March 13: I made plans for my small space:
– Reactivate the blog!
– Take an online class!
– Practice piccolo every day!
– Reorganize all closets!!
– Finish some worthy books!
– Get in shape!
– Make all the lemons into lemonade!
But the lemons keep piling on. How to keep the lemonade factory going when I’m running low on sugar, not to mention pitchers and ice, plus maybe I’ve lost my taste for lemonade?
The blog’s going, kind of, but my novel is neglected. I’m slogging through my online class at half the planned speed. Capone the cat is happy that the piccolo has been uncaged just twice. My closets are looking pretty good, but my pants are too tight and getting tighter.
Every morning I kick through lemons, ankle-deep, to reach the armchair where I write down the daily numbers, the horrible surprises and inevitabilities. I brush lemons off the notebook, uncap my pen, and search for the wrong kinds of reasons: justifications to delay, to slow down, to conserve my energy–for what? The day when this is over, and I will have nothing to show for these weeks (or–shudder–months)?
It’s a long pattern. At age 14, I reacted to the undeniable tragedy and shock of my first piano teacher dying unexpectedly by taking a 22-year hiatus between my second piano lesson and the third.
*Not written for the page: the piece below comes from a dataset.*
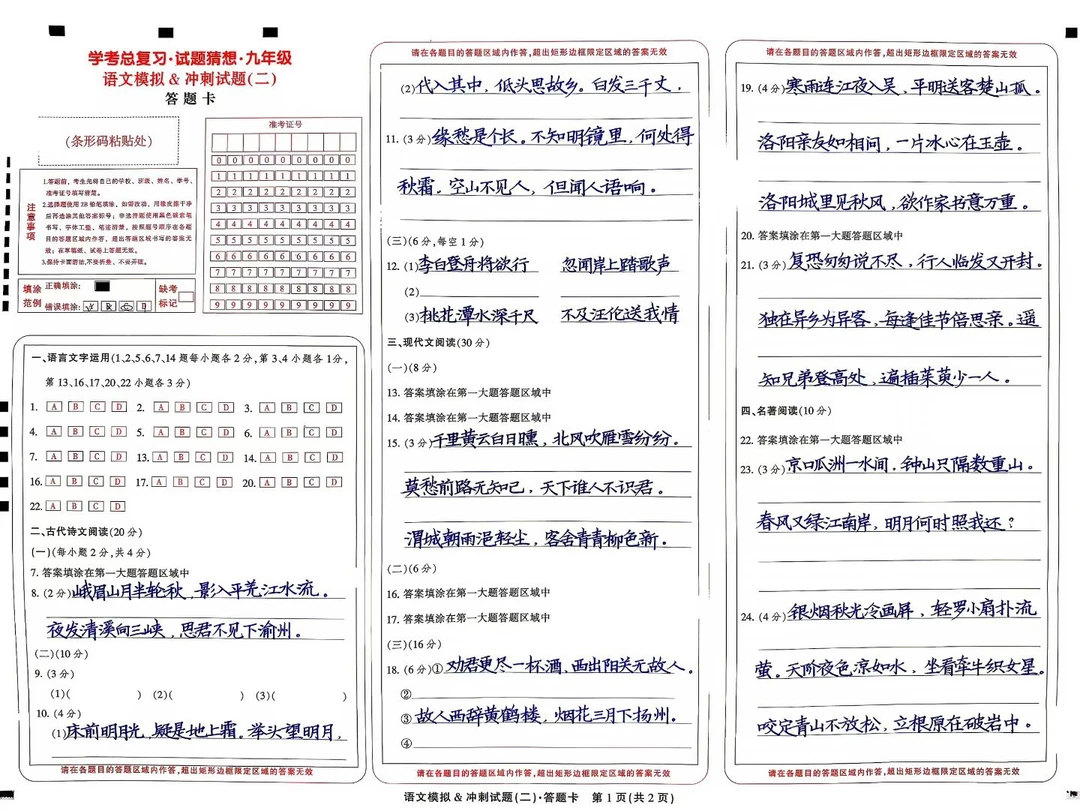 “学以致用”，中学学生学习硬笔有两方面的运用：一，以实用为主，解决作业考试卷面问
When Sonny was born, another break from writing, about 16 years, while we all adjusted to life on the autistic spectrum. In 2018, I took another rest from writing after my husband Dave was in an accident that left him with a broken neck; the writing gap lasted three times as long as Dave’s rehab.
I’m not sure I can change the stress response, but I think I could shorten the intervals between these lemon-shaped cycles of dormancy, disgust, preparation, activity, and decline. Every weekday can be New Year, week one, when I energetically write and check off plans and lists. Knowing that I’ll I fade by Friday, on Saturday I’ll prep for New Year’s Eve, heaping lemons into bowls, and on Sunday I’ll slice the lemons and slip them into festive, deadly drinks (no sugar required). At midnight, we’ll throw more lemons at the moon and howl into the darkness.